BEGIN INFORMATION PROVIDED
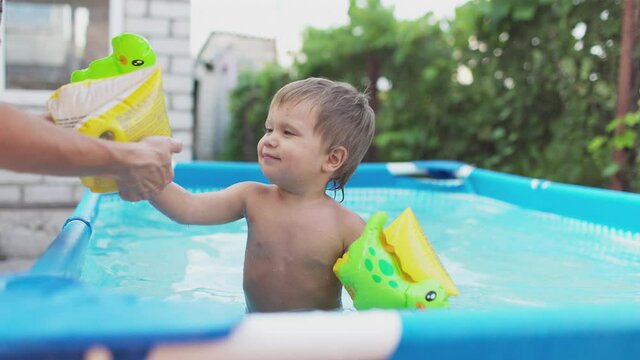 Mom puts a sleeve on the arm of a naked baby who plays in the pool in the yard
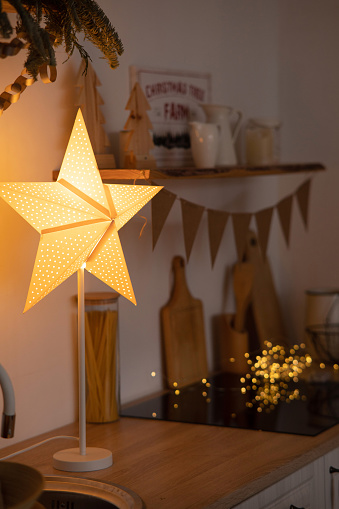 Christmas decoration and glowing lamp in the shape of star on the kitchen. Christmas concept.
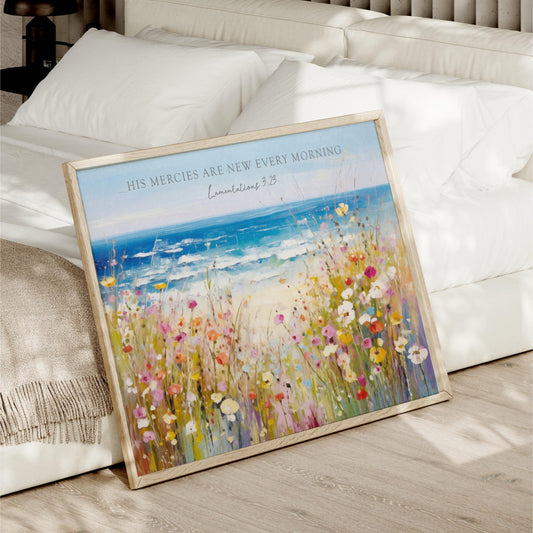 A framed painting depicting a serene landscape with a field of colorful flowers and a body of water, such as a lake or ocean, is displayed on a bed.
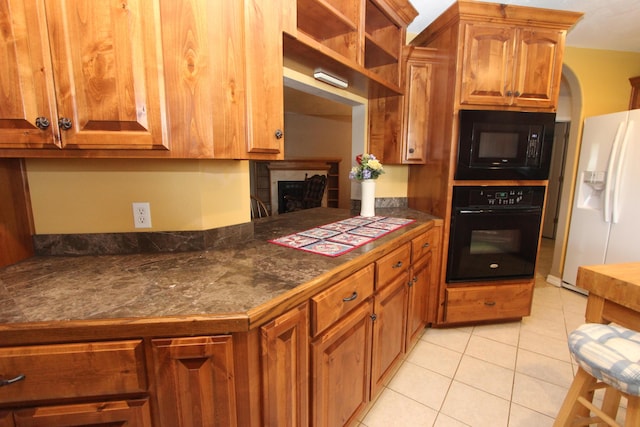 289 Frog Pond Rd, Seymour, MO 65746 - kitchen with brown cabinetry, black appliances, a fireplace, light tile patterned floors, and dark countertops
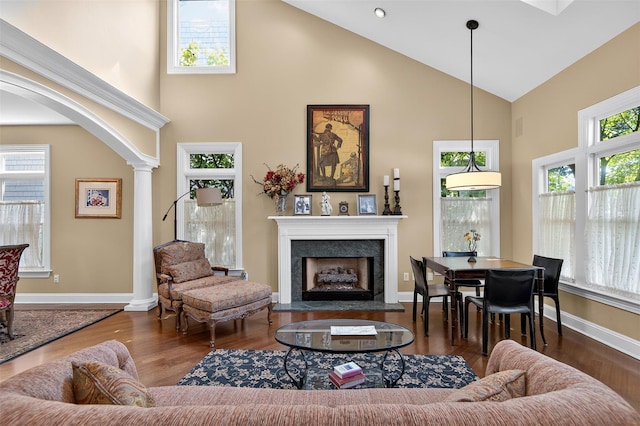 48 Fieldstone Ln, Oyster Bay, NY 11771 - living room featuring high vaulted ceiling, a fireplace, decorative columns, and wood finished floors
END INFORMATION PROVIDED
● **INSTRUCTIONS TO FOLLOW**: Set down the data exactly as it appears, without any images.

● **EXERCISE OUTPUT**:
 Mom puts a sleeve on the arm of a naked baby who plays in the pool in the yard
 Christmas decoration and glowing lamp in the shape of star on the kitchen. Christmas concept.
 A framed painting depicting a serene landscape with a field of colorful flowers and a body of water, such as a lake or ocean, is displayed on a bed.
 289 Frog Pond Rd, Seymour, MO 65746 - kitchen with brown cabinetry, black appliances, a fireplace, light tile patterned floors, and dark countertops
 48 Fieldstone Ln, Oyster Bay, NY 11771 - living room featuring high vaulted ceiling, a fireplace, decorative columns, and wood finished floors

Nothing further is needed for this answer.